Do your loved ones know where your important documents are located or whom to call for help after you’re gone? Use this checklist to get organized.
From a birth certificate and driver’s license to account statements and property titles, all of us are holding onto important documents showing proof of identity and property ownership. And while you know (or think you know) where these documents are located, do your loved ones know where to get the information they need to make decisions on your behalf?
A 2022 study revealed more than 50% of Americans think estate planning is important, yet only 33% have a will or living trust in place. The reason? Most say they don’t have enough assets to justify the cost and effort of putting those documents in place.1
But what most of us do have is an assorted collection of accounts, property and even bills. If you’re gone or disabled, someone (usually a spouse, adult child or trusted friend) needs to have access to documents related to these items or know whom to call for help. One of the best things you can do for that person is to organize your documents — and then let him or her know where to find everything needed when the time comes.

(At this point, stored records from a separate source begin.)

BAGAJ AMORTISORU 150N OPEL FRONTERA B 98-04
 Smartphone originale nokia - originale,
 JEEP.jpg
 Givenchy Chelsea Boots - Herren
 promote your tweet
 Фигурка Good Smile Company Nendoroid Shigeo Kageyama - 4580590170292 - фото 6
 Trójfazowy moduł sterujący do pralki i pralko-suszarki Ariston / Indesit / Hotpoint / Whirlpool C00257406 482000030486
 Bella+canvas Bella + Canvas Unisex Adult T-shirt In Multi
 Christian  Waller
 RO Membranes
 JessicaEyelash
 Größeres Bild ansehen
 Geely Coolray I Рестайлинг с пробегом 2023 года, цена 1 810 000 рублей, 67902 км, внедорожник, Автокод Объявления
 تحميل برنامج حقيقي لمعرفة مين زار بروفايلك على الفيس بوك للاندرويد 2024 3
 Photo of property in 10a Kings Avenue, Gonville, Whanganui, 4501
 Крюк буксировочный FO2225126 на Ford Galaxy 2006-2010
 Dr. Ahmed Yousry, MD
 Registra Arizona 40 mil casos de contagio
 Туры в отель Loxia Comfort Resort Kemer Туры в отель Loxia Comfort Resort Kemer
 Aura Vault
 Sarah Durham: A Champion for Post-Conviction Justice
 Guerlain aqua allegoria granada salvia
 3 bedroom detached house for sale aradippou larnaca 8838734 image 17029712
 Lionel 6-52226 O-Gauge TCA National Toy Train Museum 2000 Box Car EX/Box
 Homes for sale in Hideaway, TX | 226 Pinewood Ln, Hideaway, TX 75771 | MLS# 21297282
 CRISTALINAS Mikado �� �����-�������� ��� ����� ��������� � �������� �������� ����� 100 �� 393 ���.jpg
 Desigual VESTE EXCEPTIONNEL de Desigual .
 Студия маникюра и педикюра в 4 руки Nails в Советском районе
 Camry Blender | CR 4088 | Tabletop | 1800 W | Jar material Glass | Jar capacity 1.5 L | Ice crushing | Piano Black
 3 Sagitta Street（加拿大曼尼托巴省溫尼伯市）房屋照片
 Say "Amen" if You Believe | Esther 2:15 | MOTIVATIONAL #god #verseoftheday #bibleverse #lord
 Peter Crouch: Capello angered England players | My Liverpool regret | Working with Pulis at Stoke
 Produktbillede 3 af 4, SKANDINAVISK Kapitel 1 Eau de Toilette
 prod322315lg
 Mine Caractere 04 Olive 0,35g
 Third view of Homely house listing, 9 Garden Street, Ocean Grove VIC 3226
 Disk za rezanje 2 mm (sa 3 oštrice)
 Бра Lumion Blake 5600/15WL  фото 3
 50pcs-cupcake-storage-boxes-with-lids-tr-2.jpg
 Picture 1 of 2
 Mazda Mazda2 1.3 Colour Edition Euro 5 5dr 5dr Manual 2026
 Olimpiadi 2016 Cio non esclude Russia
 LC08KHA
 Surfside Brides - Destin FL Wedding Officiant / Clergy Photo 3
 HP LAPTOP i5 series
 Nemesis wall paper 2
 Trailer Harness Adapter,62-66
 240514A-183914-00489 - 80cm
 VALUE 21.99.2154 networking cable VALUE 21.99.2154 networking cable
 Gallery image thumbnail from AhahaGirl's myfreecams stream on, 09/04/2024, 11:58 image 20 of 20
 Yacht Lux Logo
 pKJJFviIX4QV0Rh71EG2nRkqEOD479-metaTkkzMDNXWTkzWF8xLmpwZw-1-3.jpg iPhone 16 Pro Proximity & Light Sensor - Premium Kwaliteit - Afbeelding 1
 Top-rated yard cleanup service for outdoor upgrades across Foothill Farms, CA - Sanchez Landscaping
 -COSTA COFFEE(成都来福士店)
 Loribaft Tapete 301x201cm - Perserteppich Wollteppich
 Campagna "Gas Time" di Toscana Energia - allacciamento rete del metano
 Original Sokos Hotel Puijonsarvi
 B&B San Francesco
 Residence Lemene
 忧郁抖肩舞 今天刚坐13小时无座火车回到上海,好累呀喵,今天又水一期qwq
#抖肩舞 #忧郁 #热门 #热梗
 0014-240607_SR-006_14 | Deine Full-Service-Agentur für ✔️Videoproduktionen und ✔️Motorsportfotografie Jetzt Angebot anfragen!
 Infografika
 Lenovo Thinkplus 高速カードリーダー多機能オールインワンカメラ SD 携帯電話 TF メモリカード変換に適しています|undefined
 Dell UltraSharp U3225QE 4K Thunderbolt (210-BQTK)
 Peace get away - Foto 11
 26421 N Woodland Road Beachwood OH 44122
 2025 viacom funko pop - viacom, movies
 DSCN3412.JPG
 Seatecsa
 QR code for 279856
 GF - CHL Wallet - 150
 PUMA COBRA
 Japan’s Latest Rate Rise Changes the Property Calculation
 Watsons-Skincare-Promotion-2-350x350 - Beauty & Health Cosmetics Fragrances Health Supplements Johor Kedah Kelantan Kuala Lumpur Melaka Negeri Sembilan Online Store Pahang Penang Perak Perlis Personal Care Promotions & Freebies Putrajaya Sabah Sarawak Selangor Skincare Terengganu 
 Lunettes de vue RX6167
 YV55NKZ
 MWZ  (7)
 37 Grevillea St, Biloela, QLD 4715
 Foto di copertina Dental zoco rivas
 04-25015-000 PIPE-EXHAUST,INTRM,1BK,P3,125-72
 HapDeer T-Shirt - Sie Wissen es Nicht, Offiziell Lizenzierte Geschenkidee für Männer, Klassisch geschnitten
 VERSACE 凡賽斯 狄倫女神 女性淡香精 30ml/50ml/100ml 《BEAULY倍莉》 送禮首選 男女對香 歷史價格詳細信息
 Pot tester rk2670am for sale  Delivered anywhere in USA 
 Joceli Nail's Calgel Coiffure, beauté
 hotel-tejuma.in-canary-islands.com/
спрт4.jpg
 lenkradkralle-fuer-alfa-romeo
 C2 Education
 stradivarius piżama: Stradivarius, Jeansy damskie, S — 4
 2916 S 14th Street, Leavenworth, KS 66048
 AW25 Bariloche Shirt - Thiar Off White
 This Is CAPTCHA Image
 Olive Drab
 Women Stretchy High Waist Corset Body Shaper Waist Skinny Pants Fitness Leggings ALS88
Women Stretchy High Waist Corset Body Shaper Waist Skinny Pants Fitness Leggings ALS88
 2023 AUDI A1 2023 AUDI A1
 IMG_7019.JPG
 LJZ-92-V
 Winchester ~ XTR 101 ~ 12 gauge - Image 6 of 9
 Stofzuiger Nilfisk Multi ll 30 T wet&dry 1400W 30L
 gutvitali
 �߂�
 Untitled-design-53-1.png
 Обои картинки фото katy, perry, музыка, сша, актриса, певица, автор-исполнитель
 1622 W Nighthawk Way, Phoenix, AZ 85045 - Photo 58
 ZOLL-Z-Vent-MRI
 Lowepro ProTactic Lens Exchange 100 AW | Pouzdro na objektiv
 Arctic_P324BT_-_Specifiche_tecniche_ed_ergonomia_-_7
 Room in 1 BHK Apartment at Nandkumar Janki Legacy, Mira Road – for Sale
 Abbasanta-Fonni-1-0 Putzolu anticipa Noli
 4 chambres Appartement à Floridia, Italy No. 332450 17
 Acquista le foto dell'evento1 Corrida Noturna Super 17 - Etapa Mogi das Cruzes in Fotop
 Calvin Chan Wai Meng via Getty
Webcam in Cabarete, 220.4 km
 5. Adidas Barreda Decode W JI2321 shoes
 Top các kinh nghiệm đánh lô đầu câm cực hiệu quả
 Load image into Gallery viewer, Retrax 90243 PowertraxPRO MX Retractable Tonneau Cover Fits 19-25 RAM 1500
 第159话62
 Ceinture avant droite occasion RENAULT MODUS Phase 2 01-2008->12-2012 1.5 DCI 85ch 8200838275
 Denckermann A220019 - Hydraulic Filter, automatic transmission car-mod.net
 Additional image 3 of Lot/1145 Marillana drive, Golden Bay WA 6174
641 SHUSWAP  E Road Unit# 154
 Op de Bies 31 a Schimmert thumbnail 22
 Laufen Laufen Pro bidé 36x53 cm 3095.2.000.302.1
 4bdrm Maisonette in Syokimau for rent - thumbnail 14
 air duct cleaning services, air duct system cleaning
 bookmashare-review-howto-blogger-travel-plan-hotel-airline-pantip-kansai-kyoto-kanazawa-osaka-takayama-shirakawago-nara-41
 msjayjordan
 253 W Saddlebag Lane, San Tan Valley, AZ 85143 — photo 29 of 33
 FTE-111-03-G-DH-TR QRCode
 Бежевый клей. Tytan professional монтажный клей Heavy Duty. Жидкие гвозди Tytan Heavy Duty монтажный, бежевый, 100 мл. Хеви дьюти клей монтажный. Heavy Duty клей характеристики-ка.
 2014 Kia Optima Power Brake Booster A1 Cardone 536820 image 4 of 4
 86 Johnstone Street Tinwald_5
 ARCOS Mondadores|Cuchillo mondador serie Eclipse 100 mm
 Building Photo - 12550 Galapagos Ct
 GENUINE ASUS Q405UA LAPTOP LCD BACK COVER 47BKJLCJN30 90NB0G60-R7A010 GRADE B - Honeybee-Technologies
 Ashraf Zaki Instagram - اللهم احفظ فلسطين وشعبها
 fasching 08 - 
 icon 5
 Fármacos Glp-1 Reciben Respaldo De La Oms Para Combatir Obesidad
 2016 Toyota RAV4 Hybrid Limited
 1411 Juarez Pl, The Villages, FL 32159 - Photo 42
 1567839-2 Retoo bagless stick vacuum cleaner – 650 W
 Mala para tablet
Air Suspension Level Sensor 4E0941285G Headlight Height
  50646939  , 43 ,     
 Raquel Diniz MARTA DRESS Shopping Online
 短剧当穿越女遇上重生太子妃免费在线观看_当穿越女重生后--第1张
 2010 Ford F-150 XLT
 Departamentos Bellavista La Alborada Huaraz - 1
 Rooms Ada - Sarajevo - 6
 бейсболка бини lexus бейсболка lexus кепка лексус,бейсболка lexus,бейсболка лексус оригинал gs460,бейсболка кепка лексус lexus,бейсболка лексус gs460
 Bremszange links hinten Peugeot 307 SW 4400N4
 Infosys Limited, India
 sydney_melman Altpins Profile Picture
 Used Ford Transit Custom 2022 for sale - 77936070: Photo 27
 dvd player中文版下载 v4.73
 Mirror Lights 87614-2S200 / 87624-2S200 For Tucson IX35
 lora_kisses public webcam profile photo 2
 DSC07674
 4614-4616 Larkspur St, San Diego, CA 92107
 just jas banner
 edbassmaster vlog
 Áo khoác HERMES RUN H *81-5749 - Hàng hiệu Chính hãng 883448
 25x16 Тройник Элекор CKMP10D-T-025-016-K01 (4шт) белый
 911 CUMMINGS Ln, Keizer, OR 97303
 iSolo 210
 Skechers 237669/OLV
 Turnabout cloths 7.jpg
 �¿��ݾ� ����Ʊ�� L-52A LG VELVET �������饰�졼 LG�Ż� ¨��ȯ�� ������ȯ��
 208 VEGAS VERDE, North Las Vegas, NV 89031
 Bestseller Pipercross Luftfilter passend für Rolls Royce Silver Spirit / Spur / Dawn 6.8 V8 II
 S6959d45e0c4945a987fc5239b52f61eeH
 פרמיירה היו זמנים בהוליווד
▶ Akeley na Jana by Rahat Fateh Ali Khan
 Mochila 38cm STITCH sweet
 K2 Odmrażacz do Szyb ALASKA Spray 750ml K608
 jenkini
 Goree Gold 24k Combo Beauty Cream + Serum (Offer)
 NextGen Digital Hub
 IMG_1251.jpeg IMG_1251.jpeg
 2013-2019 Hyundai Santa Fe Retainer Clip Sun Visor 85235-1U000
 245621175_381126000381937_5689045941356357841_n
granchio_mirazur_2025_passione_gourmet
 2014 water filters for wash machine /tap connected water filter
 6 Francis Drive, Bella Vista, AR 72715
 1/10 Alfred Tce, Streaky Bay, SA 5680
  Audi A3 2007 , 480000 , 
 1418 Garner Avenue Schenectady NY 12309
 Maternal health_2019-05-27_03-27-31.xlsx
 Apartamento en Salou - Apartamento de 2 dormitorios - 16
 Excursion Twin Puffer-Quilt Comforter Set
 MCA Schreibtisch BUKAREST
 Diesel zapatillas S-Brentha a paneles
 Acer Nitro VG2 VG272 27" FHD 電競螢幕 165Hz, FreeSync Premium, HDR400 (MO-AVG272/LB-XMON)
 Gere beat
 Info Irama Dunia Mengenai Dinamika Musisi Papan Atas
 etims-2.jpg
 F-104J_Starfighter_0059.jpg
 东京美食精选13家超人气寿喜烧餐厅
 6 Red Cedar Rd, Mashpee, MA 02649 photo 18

Organizing Your Information
Where do you even begin with organizing your important documents? It’s good to start by breaking them down into two categories: offline and online.
Your offline documents could include property titles, insurance policies, passports, birth or death certificates, marriage licenses, etc. Instead of stashing these in a drawer or file cabinet, it’s a good idea to store them in a fireproof safe in your home. It’s also smart to make copies of items that reside in your wallet — such as a driver’s license or Social Security card — and put those in the fireproof safe as well.
If you get paper statements for banking or investment accounts, there’s no need to hold on to all of your statements. Keep an organized folder or file with the latest statement and shred the old ones. Better yet, set up online access for all your financial accounts and give your login information to your loved ones. Which brings us to …
Online bill payments. Social media profiles. Your Netflix account. In a digital world, it’s important to also keep track of your online information and how to access it. One way to share your login details: Make a list of your account usernames and passwords, then store the list in your fireproof safe. Another option is to use a password manager such as Last Pass and share the login details electronically with the person responsible for managing your affairs.
To get started, we’ve put together this handy checklist to help make sure you’ve gathered everything. You can even use the checklist to make notes, so whoever is reading it knows exactly which documents to look for in the safe, file drawer or computer.
If you need help collecting any of these documents, contact your financial professional. They can assist with tracking down account numbers or latest statements.
Once you’ve completed the checklist, share it with your designated person(s) or let them know where they can find it when they need it. Please keep in mind that this may not be an all-encompassing list, and individual needs may vary.